An exact reprint of the listing is required, with no pictures included.

◆ Collected data:
_ _ _
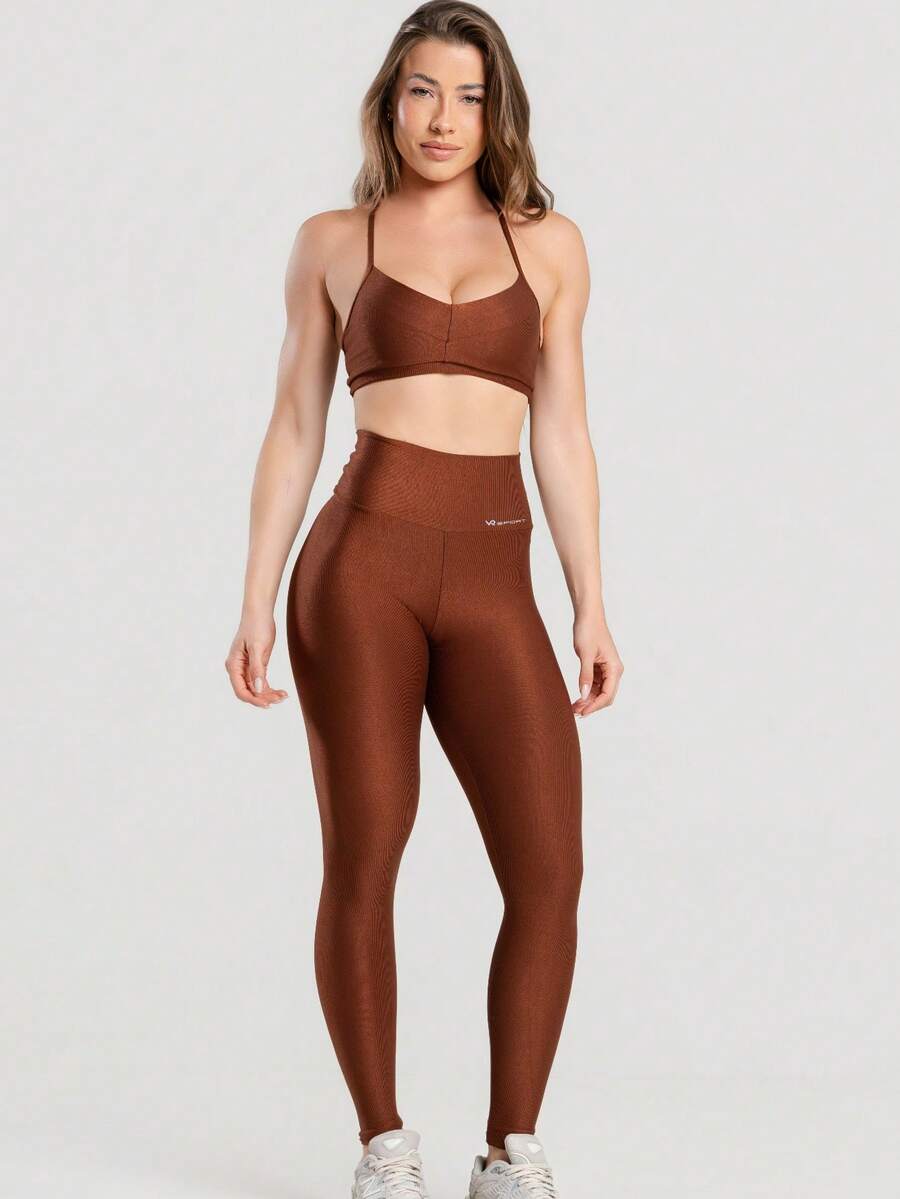 Conjunto Legging e Top Marrom Canelado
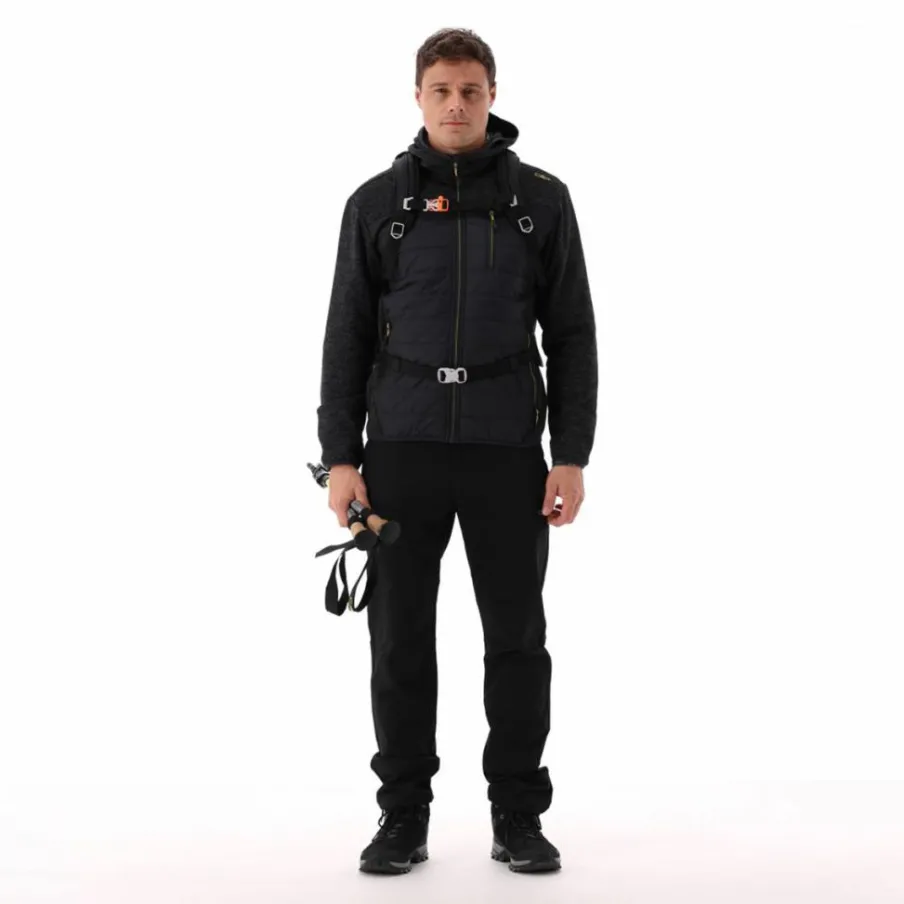 Uomo CMP Pile^Giacca ibrida in pile da uomo in Knit Tech melange con cappuccio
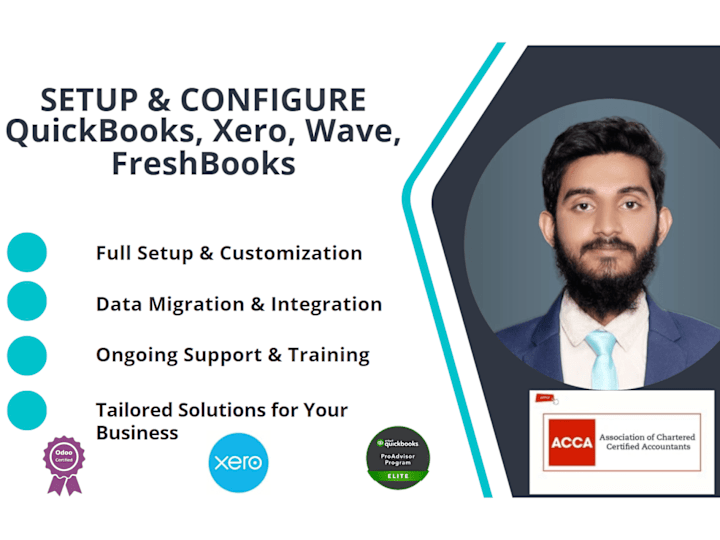 Cover image for Set up and configure QuickBooks, Xero, wave for businesses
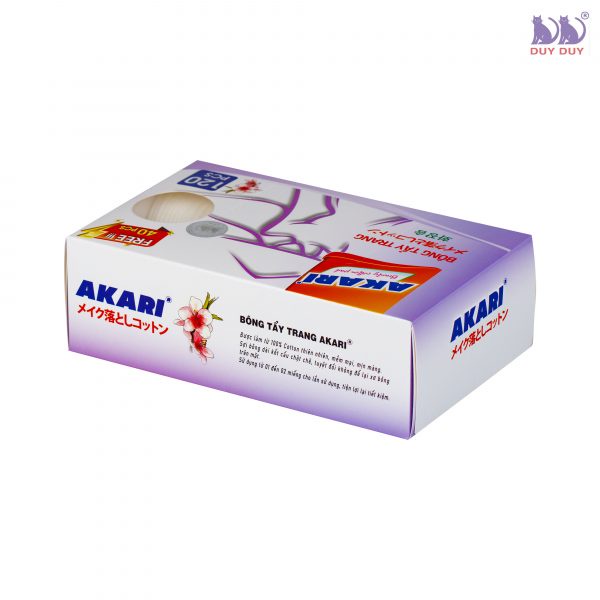 Bông tẩy trang AKARI Nhật Bản 160 miếng, bông to, mềm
_ _ _
◆ Completed exercise:
 Conjunto Legging e Top Marrom Canelado
 Uomo CMP Pile^Giacca ibrida in pile da uomo in Knit Tech melange con cappuccio
 Cover image for Set up and configure QuickBooks, Xero, wave for businesses
 Bông tẩy trang AKARI Nhật Bản 160 miếng, bông to, mềm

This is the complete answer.